Your friend is trying to write a function to accomplish the following transformations:

let x = [3, 3, 3, 3, 3, 3, 3]

// Each time x is called, the following results are shown:

change(x, 0)  // [3, 3, 3, 3, 3, 3, 3]
change(x, 1)  // [3, 2, 2, 2, 2, 2, 3]
change(x, 2)  // [3, 2, 1, 1, 1, 2, 3]
change(x, 3)  // [3, 2, 1, 0, 1, 2, 3]

Note: The change() function should not mutate the original array. After each call to the function, the original x should still equal [3, 3, 3, 3, 3, 3, 3].

He comes up with the following code:

function change(x, times) {
  for(let i = 0; i < x.length; i++) {
    let j = 1;
    while (j <= times) {
      if (i >= j && i < x.length-j) {
        x[i]--;
      }
      j++;
    }
  }
  return x;
}

Oops! The code appears to mutate the original array. Fix this incorrect code so that the function no longer mutates the original array.

See below:

Examples

let x = [3, 3, 3, 3, 3, 3, 3]

// What we want:
change(x, 2) => [3, 2, 1, 1, 1, 2, 3]

change(x, 2) => [3, 2, 1, 1, 1, 2, 3]

// What we get:
change(x, 2) => [3, 2, 1, 1, 1, 2, 3]  // Good so far...
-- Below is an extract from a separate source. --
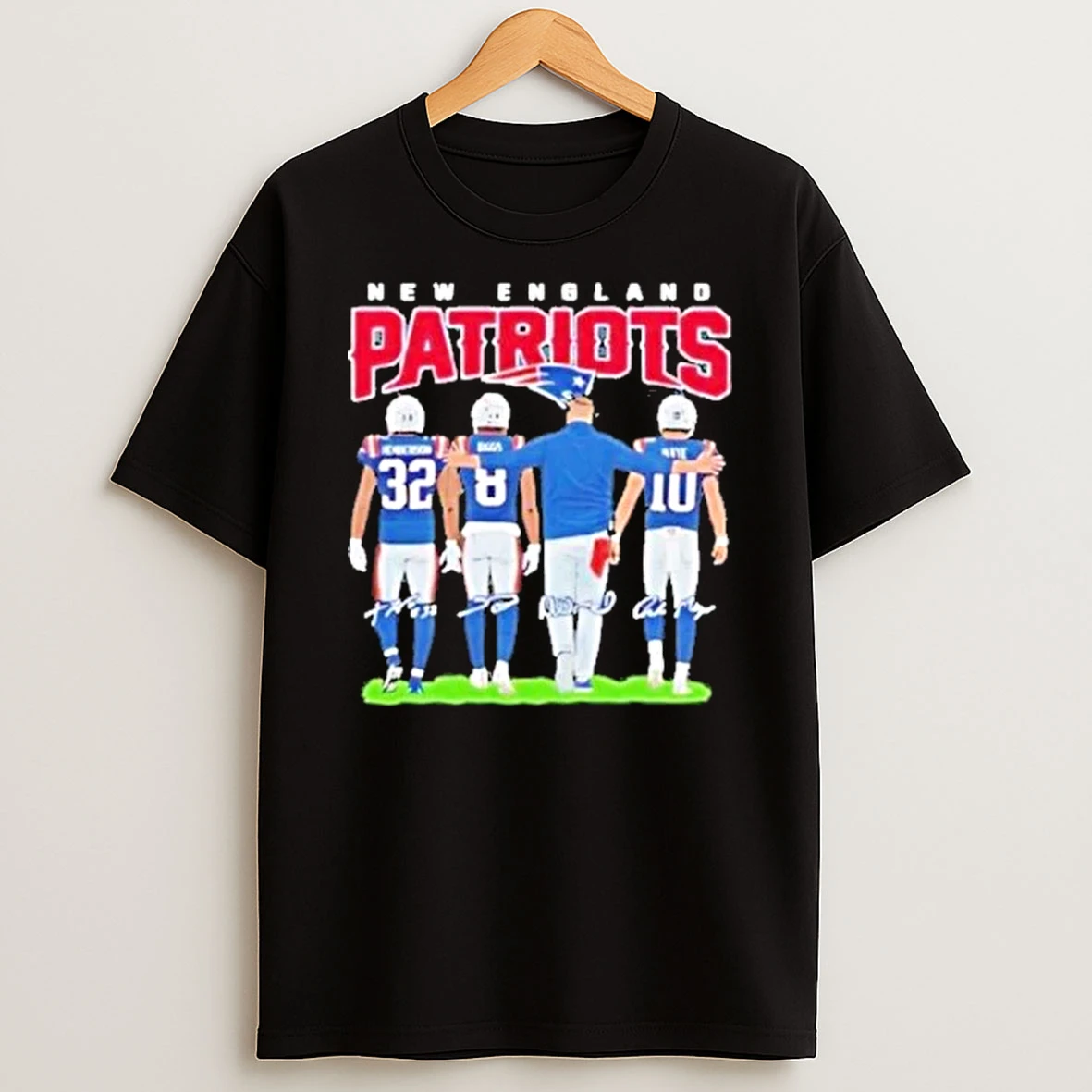 New England Patriots Graphic Apparel Signatures Coach And Players Shirts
change(x, 2) => [3, 1, -1, -1, -1, 1, 3] // Array is mutated :(

Notes

• If this is confusing, copy and paste the incorrect code in a REPL environment and play around with the code to understand what the function is doing.
• Hint: Try to make a copy of the input array.
• If this looks familiar, it is part of a solution for the Concentric Rug problem.